Day 31-32 (Nai Gu Shilin)

Arrived in Shilin town along with 20 other tour busses, all packed with camera happy Chinese tourists getting ready to follow a flag bearing guide around for just long enough to grab a few pics and then get crammed back onto their busses to the next location...needless to say I didn't stick around...3 hours hiking to the North and I was in farm country. Within minutes I began to see groups of Limestone forests, most about the size of a small city block, each completely individual, some with pine forests growing between them, some with smaller sections forming huge natural mazes (second picture).


Some of these columns reached approximately 30m in height, they varied from the thin breakable kind to collosal towers. Each one of these stone forests were within a kilometer of each other but what made this area even better was the fact that other than the occassional farmer, there was no-one else here. I ended up camping under a pine tree between two huge columns.


The following day was a hike back to Shilin to catch a bus to kunming.

Thursday, August 17, 2006

Day 30 (Kunming)

And on the 30th day Max rested, and rest he did....and eat and drink ludicrous amounts, I met Jeremie from France, who I spent most of the day with, exploring the backstreets of the city in search of the last of Kunmings old buildings (which are being replaced by towering apartment blocks, derived of any character).
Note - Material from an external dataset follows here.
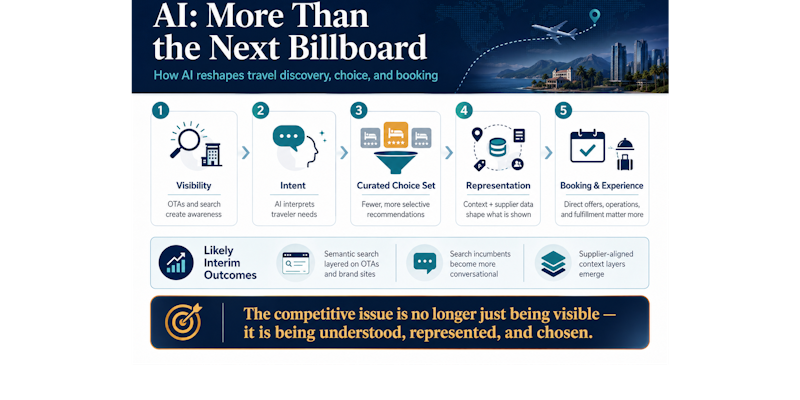 The Next Billboard Effect The Next Billboard Effect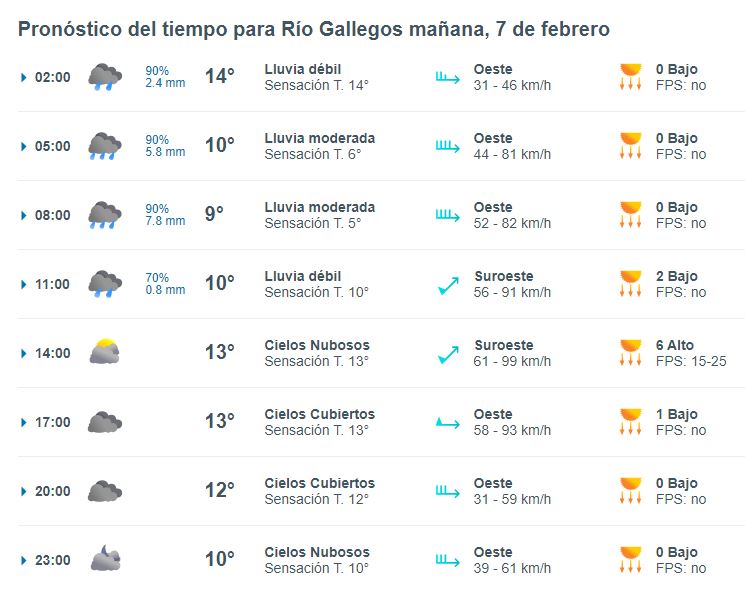 clima-miercoles-7-1-728x580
For supper we grew to a group of three. Supper was the best kind, in a backstreet with the locals, eating at a table no higher than my knees and sitting on toddlers play chairs... but as usual the food was great.


One of the many shops selling Chinese Liquor, everything from Bat & egg to fermented snail liqour.....MMMMMhhhh

Tuesday, August 15, 2006

Day 26-28 (Tiger Leaping Gorge)

I knew that being the 3rd deepest gorge in the world, the cliffs on iether side would be big, but I had no idea quite how big...no wait not "big", bloody enourmous!!!! Unfortunately it is impossible to really show the size of these mountains in these photos.
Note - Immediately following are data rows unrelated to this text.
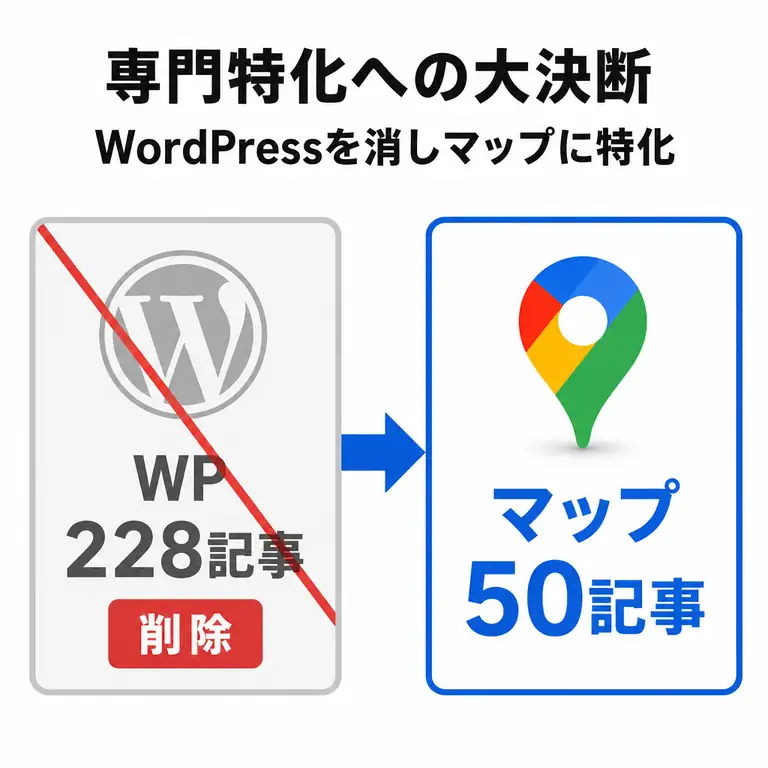 WordPress関連記事228記事を削除し、Googleマップ関連の50記事に絞り込みました
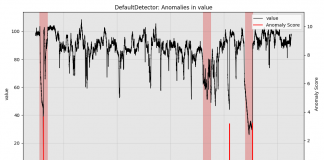 Salesforce Research Introduces ‘Merlion’, An Open-Source Machine Learning Library For Time Series Intelligence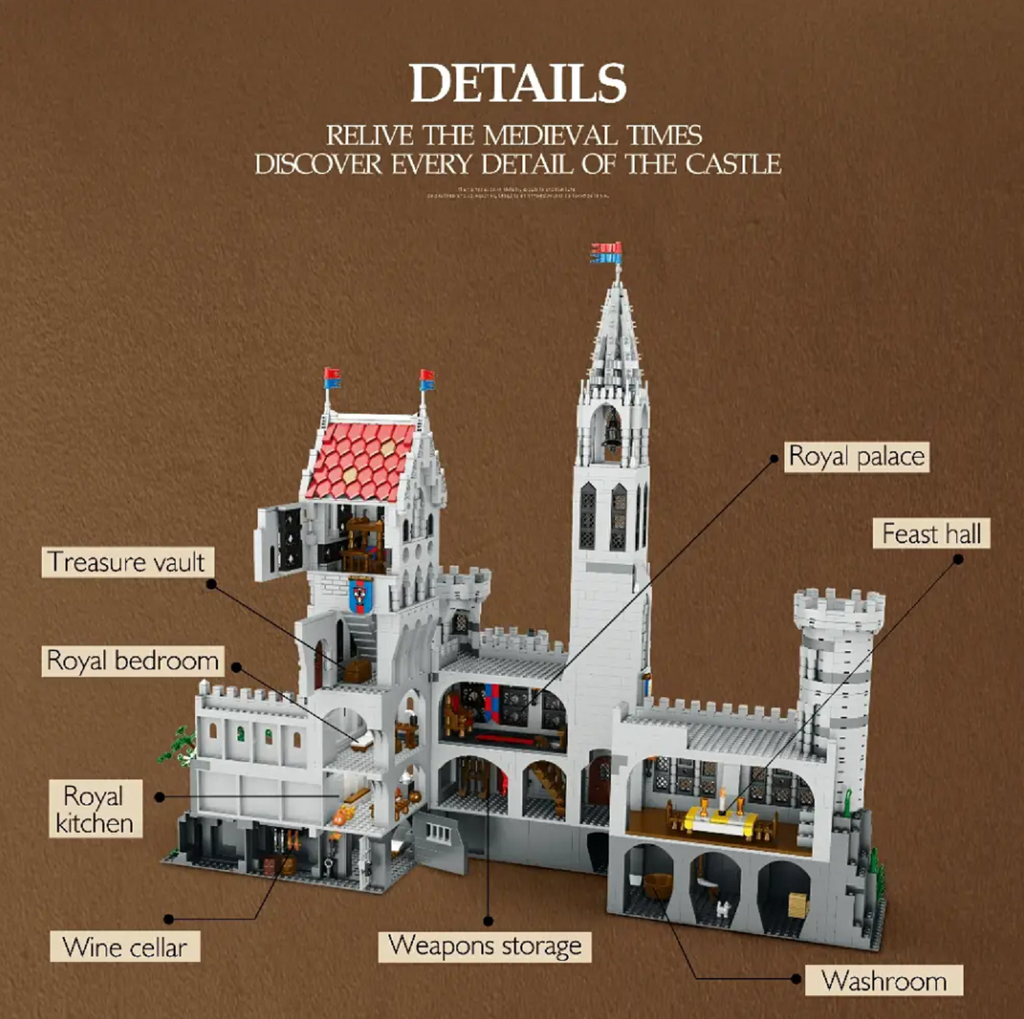 Reobrix 55016 King`s Castle mittelalterliches Schloß 4.000 Teile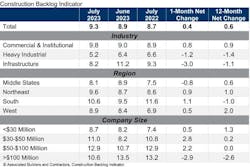 Construction Backlog Indicator Construction Backlog Indicator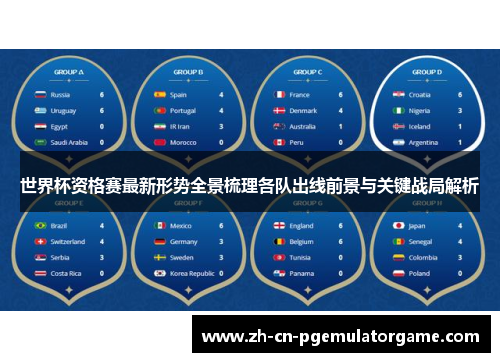 世界杯资格赛最新形势全景梳理各队出线前景与关键战局解析 世界杯资格赛最新形势全景梳理各队出线前景与关键战局解析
The first night in the gorge was also my birthday night, and I spent it consuming a feast of equally enourmous proportions, in a small guest house overlooking the gorge. This was a birthday to remember.

The following day was spend completeing the 8hour hike through the gorge. Excellent scenery, undeveloped landscapes and the sheer magnitude of this place made it an unforgetable experience. The hike itself is fairly simple, with only 2 decent uphills, however the hike is best done slowly to take in all the scenery, and with something new around every corner (interesting locals, goats and donkeys blocking the way, waterfalls, makeshift bridges to negotiate, etc) the trip just doesn't last long enough.



I reached the end at 2 in the afternoon, to late to catch a bus back to Quintou and to early to relax at a guest house for the rest of the day, so I decided to go down to the river (oh by the way it's the Yangtze that flows through the gorge) and walk the bottom path as well, which turned out to be the best part of the hike. You end up walking a few centimeters away from a decent plunge into the river. I decided to take a shortcut up the gorge wall, which nearly ended badly, as most of the cliffs are made of very brittle rock, and cuppled with some rain made any further ascent impossible. At the end of the path (3 hours later) you ascend a ladder (sky ladder) from the bottom of the gorge up to the road, which makes for some great photos as well.

I have returned to Lichang, enroute to Kunming, where I will plot the next section of my journey.